O caso da Inês já foi abordado há dois dias por José António Cerejo num texto exemplar intitulado “Inês Pedrosa, os seus 38 amigos e ‘um insignificante episódio burocrático’”. Cerejo sabe do que fala porque foi ele a dar a notícia, em 2014, de que Inês Pedrosa, enquanto directora da Casa Fernando Pessoa, tinha contratado um senhor com quem vivia em “união de facto” (palavras do Ministério Público) para assegurar vários serviços da instituição. Quatro meses depois, demitiu-se do cargo, invocando “projectos novos”. Agora, uma semana depois do Ministério Público apresentar a acusação, eis que 38 amigos seus – entre os quais Eduardo Lourenço, Tolentino Mendonça, Francisco José Viegas, Lídia Jorge ou Sérgio Godinho – decidiram subscrever, segundo o PÚBLICO noticiou, uma carta aberta onde afirmam que Inês Pedrosa tem sido vítima de “reiteradas incompreensões, perseguições e indiferenças”, que as notícias que têm surgido “empolam de forma absurda um insignificante episódio burocrático” e que o processo demonstra a “democracia imperfeita em que vivemos”.

Não sei qual dos signatários realmente escreveu tal prosa, mas espero que 37 das 38 pessoas a tenham subscrito sem ler. Isto só é um texto aceitável como prova de admissão na equipa de defesa do engenheiro Sócrates. Fora isso, só pode vir de um grupo de intelectuais toldados pelo espírito natalício, a confundir solidariedade privada com tomada de posição pública, e a praticar o amiguismo saloio que em tempos tanto criticaram aos Miguéis Relvas desta vida.
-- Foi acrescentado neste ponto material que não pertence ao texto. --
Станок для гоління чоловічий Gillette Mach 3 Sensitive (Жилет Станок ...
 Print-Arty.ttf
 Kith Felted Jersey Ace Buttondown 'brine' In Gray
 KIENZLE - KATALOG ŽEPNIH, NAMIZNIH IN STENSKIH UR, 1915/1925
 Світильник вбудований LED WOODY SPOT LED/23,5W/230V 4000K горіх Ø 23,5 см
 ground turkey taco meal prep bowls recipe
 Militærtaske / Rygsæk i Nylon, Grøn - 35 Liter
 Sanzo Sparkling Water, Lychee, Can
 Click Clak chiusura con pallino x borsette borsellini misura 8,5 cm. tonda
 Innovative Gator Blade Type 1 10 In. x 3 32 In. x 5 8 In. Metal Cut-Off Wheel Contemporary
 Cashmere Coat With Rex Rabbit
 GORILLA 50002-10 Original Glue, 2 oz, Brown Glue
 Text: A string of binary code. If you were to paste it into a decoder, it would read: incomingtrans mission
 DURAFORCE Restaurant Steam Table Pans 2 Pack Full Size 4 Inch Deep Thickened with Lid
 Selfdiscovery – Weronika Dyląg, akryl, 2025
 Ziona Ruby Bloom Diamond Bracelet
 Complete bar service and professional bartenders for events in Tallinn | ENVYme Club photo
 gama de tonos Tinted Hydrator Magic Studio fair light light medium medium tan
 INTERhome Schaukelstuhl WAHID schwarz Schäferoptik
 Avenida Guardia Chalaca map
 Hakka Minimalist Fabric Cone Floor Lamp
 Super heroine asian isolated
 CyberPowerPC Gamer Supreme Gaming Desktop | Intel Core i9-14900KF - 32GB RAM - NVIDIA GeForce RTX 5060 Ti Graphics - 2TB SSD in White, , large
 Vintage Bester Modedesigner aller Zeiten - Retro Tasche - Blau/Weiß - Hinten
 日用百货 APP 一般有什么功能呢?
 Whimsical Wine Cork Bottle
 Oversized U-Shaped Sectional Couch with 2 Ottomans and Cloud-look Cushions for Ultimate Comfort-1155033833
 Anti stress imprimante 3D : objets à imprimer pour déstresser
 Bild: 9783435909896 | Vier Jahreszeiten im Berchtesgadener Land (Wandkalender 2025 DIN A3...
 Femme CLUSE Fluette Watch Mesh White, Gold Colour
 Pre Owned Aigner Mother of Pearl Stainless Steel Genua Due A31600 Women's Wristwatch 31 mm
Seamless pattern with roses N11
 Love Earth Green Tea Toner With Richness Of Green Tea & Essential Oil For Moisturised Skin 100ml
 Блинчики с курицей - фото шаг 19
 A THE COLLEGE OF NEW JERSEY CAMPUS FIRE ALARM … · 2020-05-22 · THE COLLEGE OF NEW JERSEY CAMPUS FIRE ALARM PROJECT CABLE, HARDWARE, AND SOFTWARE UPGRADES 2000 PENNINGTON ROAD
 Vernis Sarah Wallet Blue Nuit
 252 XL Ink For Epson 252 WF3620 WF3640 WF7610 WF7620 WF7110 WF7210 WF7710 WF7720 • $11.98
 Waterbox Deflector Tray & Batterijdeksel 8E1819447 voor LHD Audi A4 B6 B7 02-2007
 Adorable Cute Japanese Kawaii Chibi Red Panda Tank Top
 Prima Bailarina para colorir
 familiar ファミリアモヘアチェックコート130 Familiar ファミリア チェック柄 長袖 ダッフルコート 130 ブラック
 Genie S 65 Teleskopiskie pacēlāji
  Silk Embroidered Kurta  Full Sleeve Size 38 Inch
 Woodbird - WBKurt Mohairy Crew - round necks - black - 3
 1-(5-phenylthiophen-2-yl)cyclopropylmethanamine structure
Infelizmente, não estão desacompanhados: no Parlamento, também um grupo de deputados confundiu a felicidade pela escolha de António Guterres como secretário-geral da ONU com a oferta de um prémio que ele não podia receber. O regulamento do prémio Direitos Humanos exige que seja atribuído ou pela actividade de uma ONG, ou pela autoria de artigos relacionados com os direitos humanos. Guterres pode ser uma óptima escolha, só que: 1) não trabalha para uma ONG; 2) não escreveu coisa alguma. Donde, não podia ter ganho. Ao ser confrontado com este facto pelo Observador, Pedro Bacelar Vasconcelos, deputado do PS e presidente da comissão responsável pela atribuição do prémio, respondeu: “Se há qualquer idiota que não concorda com a atribuição do prémio, que recorra.” Ah, a elegância! Ah, a indignação por ver posta em causa a sua bondade! Que as boas regras e as boas práticas nunca se intrometam entre um português e o seu desejo de ser bom. Um Santo Natal para todos.